Unsuprisingly, some 50 other California cities are considering making the same change. Nobody seems to oppose this, except right-wing forum culture warriors seeking to embrace fossil fuels, because MAGA.
I am not a right wing forum cultural warrior, I am a socialist, but I am also a pragmatist who has worked in and run restaurant kitchens for three decades. Perhaps you shouldn't paint all those who disagree with you with the same ad hominem MAGA brush. Cooking on conventional electric stoves is awful and induction burners are an expensive toy for the bourgeoisie. After we have stopped using gas for everything else, we will still probably be using it for cooking.

Quote:
Originally Posted by lio45 View Post
I know you're a chef, but I had for several years one of the highest-end restaurants in this city in one of my buildings and the chef there was cooking with electric ranges. And it worked perfectly well, AFAIK. Your thoughts on this, out of curiosity?
The problem is the nature of the heat. When you turn a gas burner up or down you get an immediate change in the temperature of the burner. With a standard electric range the heating element gradually heats up and cools down. This means it is easier to have precise control of the temperature of your pans with gas. When you are working a saute station having your pans at the temperature you want them is important in cooking things correctly. I've worked on electric ranges before. The challenge is that you have to anticipate the speed at which they heat up or cool down, it is much more difficult and throws off the timing of cooking. Also they will still cook your pan even after you have turned them off. This means that you have to remove your pan from the range and find a place to put it while you are doing other things. That little bit of time is a big deal when you are cooking 8 or 12 pans at once. It is easier to be able to turn off the gas and leave it there. Cooking on an electric range in a restaurant is possible but it is about twice as difficult as working a gas range and requires completely relearning how to cook saute.
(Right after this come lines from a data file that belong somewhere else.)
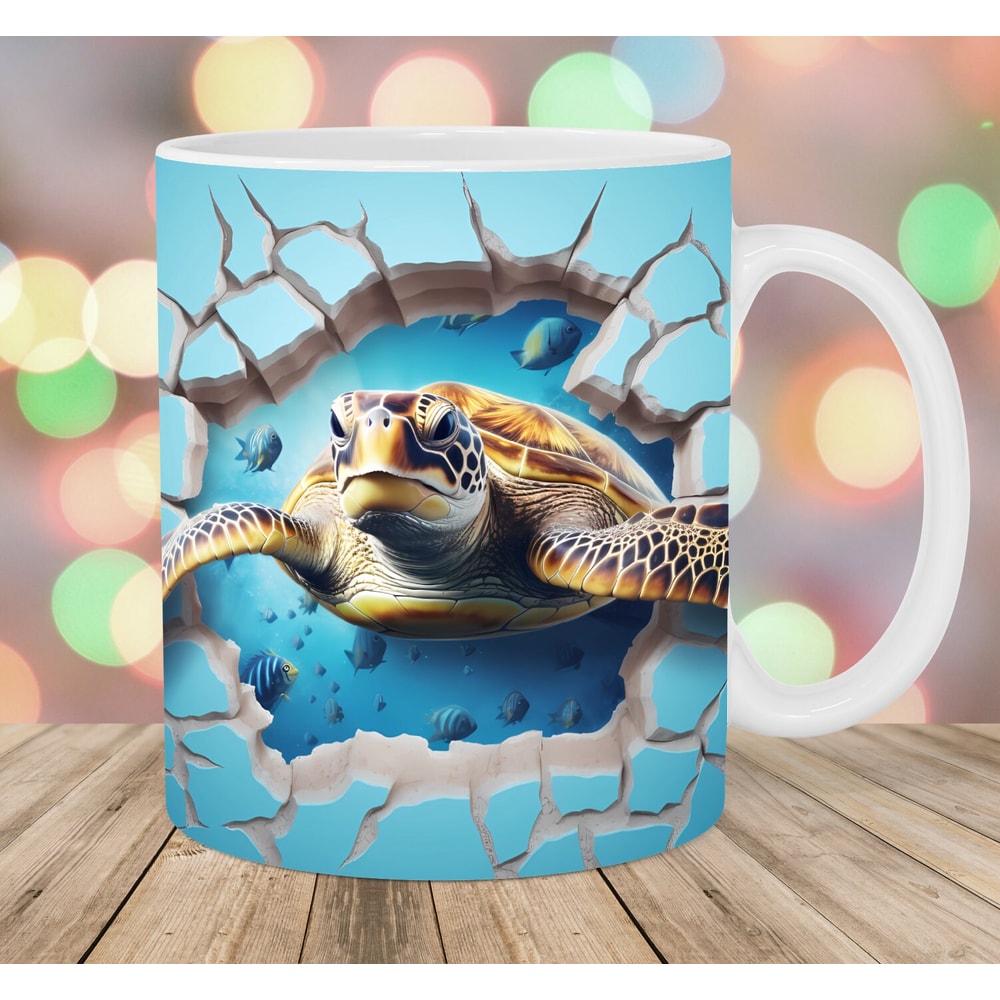 3D Turtle Mug Wrap, 11oz & 15oz Mug Template, Hole In A Wall Mug Sublimation Design, Ocean Mug Wrap Template, Instant Digital Download PNG.jpg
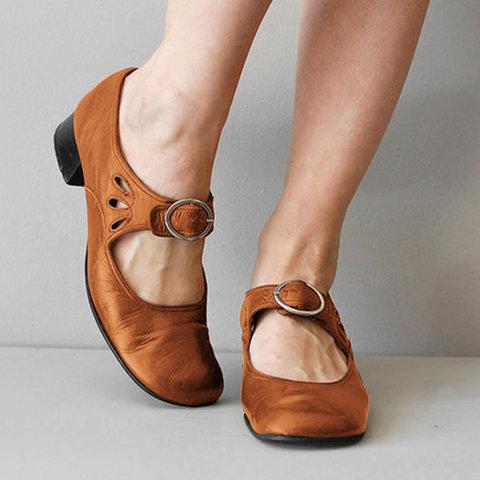 Zapatos de tacón bajo con hebilla estilo retro para mujer 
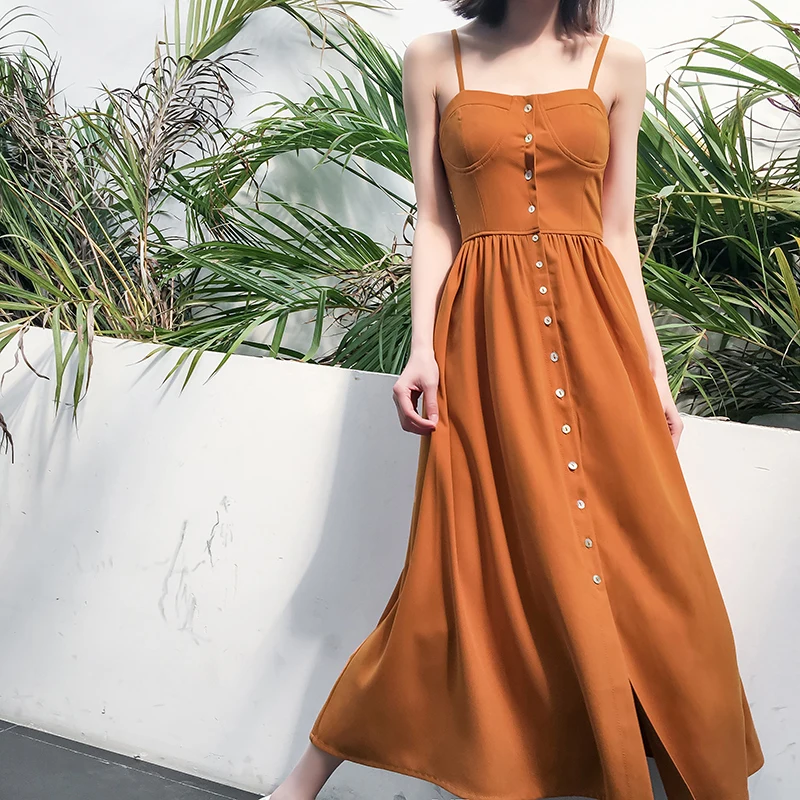 

Off Shoulder Solid Color Dresses Sling Pleated Vintage Casual Summer Dress Corset Elegant Dames Kleding Women's BH50LYQ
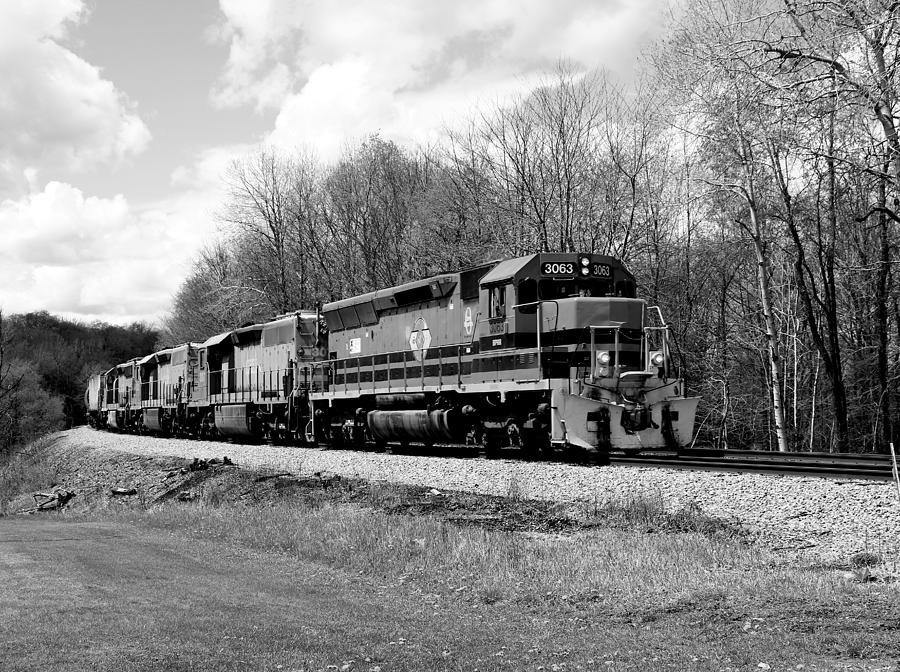 Sprintime Train in Black and White by Rick Morgan Sprintime Train in Black and White by Rick Morgan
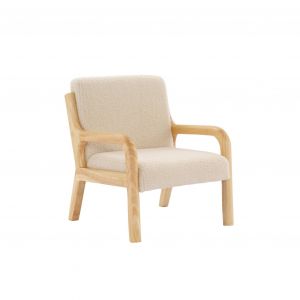 Sweeek Fauteuil scandinave enfant en bois et tissu bouclette beige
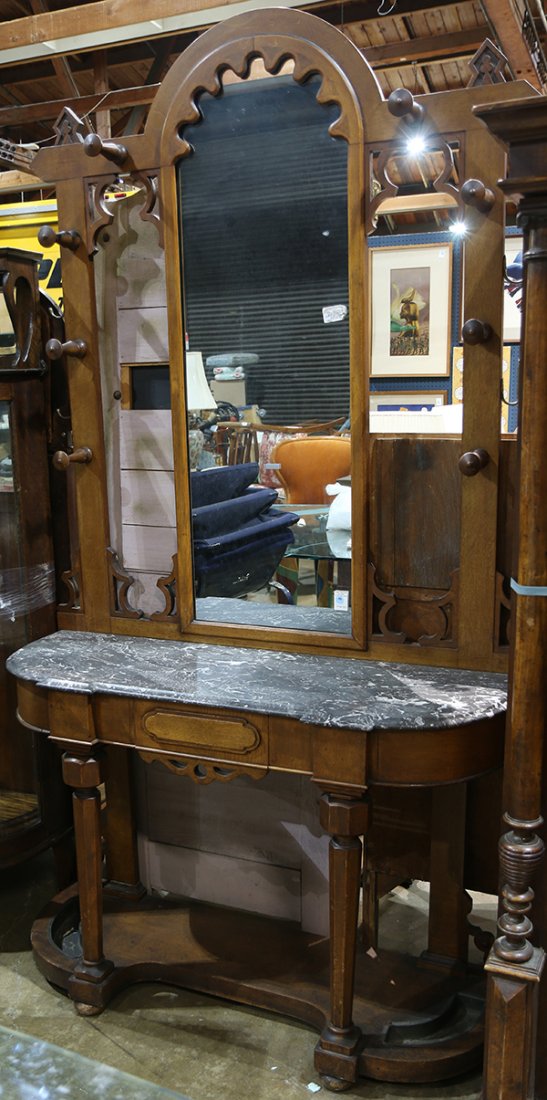 Victorian oak hall tree (1 of 1)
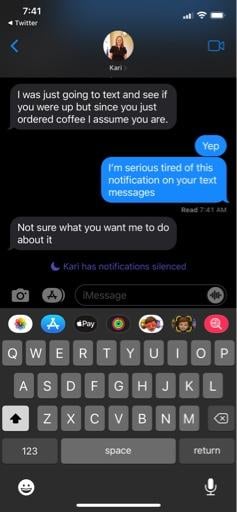 phone saying notifications silenced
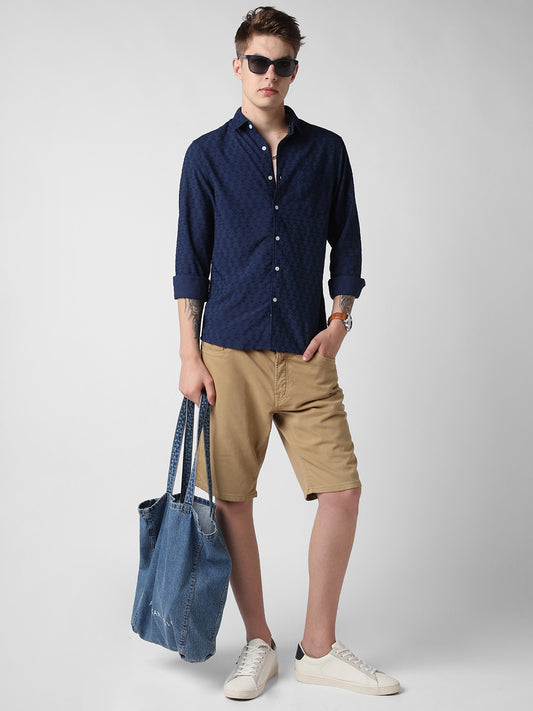 Deep Blue Jacquard Shirt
Cooking saute well, especially in a busy upscale restaurant, requires a lot more brain power than non-restaurant people realize. Most great fine dining saute cooks are in about the 80th percentile of intelligence or higher. One of the challenges of a head chef is to find people who are smart enough to get an advanced degree but are instead willing to work for $16 an hour in a hot, cramped, unpleasant space without breaks and live completely detached from normal life (which is why cooks tend to be immigrants or weirdos, that is where you find smart people without degrees). By changing from gas to electric and making saute harder, you now may need a saute cook in the 90th percentile of IQ rather than the 80th. That is going to make staffing the kitchen harder.

Last edited by Chef; Sep 10, 2019 at 6:44 AM.